Суждено ему однако было и еще сладостней (с не меньшей печалью) запеть в написанных год спустя пушкинских стихах, начинающихся, на этот раз, с того же ритмического «хода» («И песни Грузии», «Ты песен Грузии») чтб в тех двух стихотворениях образовывал зачин не первой, а второй строки; и та же «Грузия» тут опять, в том же родительном падеже… Мы вернулись к нашей многострадальной, жеванной и пережеванной строчке (думаю, что «хблмы Грузии» в «Демоне» — реминисценция этой строчки) — и к одной из вершин русской лирики. Не ограничусь теперь первой строкой, приведу четыре первых:
На хблмах Грузии лежит ночная мгла;
Шумит Арагва предо мною.
Мне грустно и легко; печаль моя светла;
Печаль моя полна тобою…
Второму двустишию, как известно, предшествовали сперва совсем другие, хоть и с теми же рифмами два стиха:
Все тихо — на Кавказ идет ночная мгла.
Мерцают звезды надо мною.
При их замене, внепоэтическим заданием Пушкина было убрать упоминание (горного) Кавказа (ради чего, выяснено с очень большой вероятностью; я этого не касаюсь). Заменив его Грузией (и вечер ночью, а звезды Арагвой, но эти замены вторичны) он и поэзии не только должное ей отдал, но и обласкал ее по–новому, тем более, что «мне грустно» вошло таким образом с этой «Грузией» в достаточно отдаленный (без гру–гру) контакт, но и в достаточно близкий, чтобы у этой «Грузии» обрело через строчку поддержку, получившую затем отзвук во втором четверостишии (вполголоса сперва: «унынья»; потом сильней: «м^чит», «любит»).
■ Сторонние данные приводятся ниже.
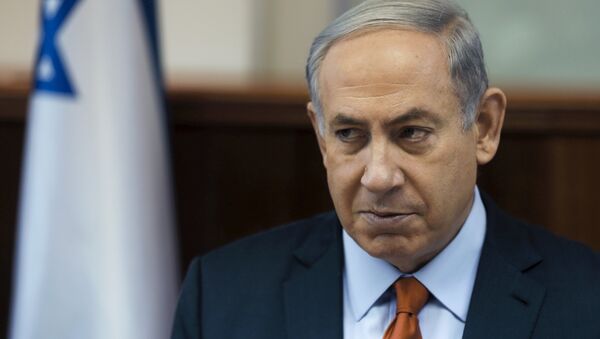 Premiê de Israel, Benjamin Netanyahu, participa da reunião semanal do gabinete em seu escritório em Jerusalém, 28 de junho de 2015 - Sputnik Brasil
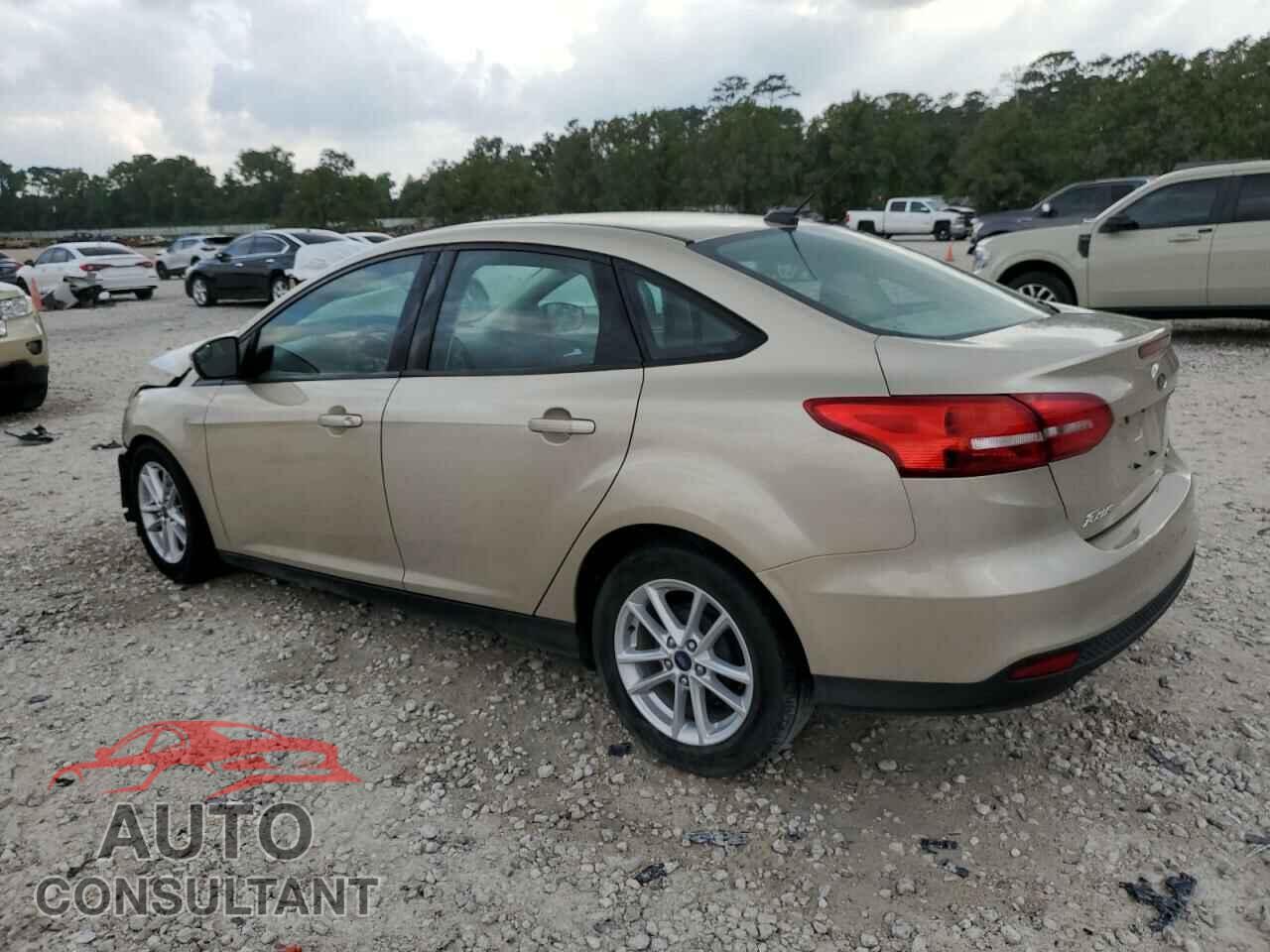 FORD FOCUS 2017 - 1FADP3F23HL318623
Того стихотворения, которое Пушкин хотел написать, он не написал; но Грузия ему помогла, — не страна, а ее имя. Восьмистишие «На холмах Грузии», хоть и озаглавив его «Отрывок», он все таки счел возможным и нужным напечатать — в том же альманахе «Северные цветы» (на 1831 год), где напечатал, за два года до того, «Не пой, красавица, при мне», — а затем и еще раз: в третьей части «Стихотворений Александра Пушкина» 1832 года.
Не сомневался, значит, в нем, цену ему знал. Но почему же и впрямь первая уже его строка, об остальных позабыв, упоительнее звучит, чем все четыре процитированные мною четырехстопные ямбические строчки с той же пиррихической (или дактилической) «Грузией»? Просто потому, что эта строчка — шестистопная? — Да, потому; но не просто потому.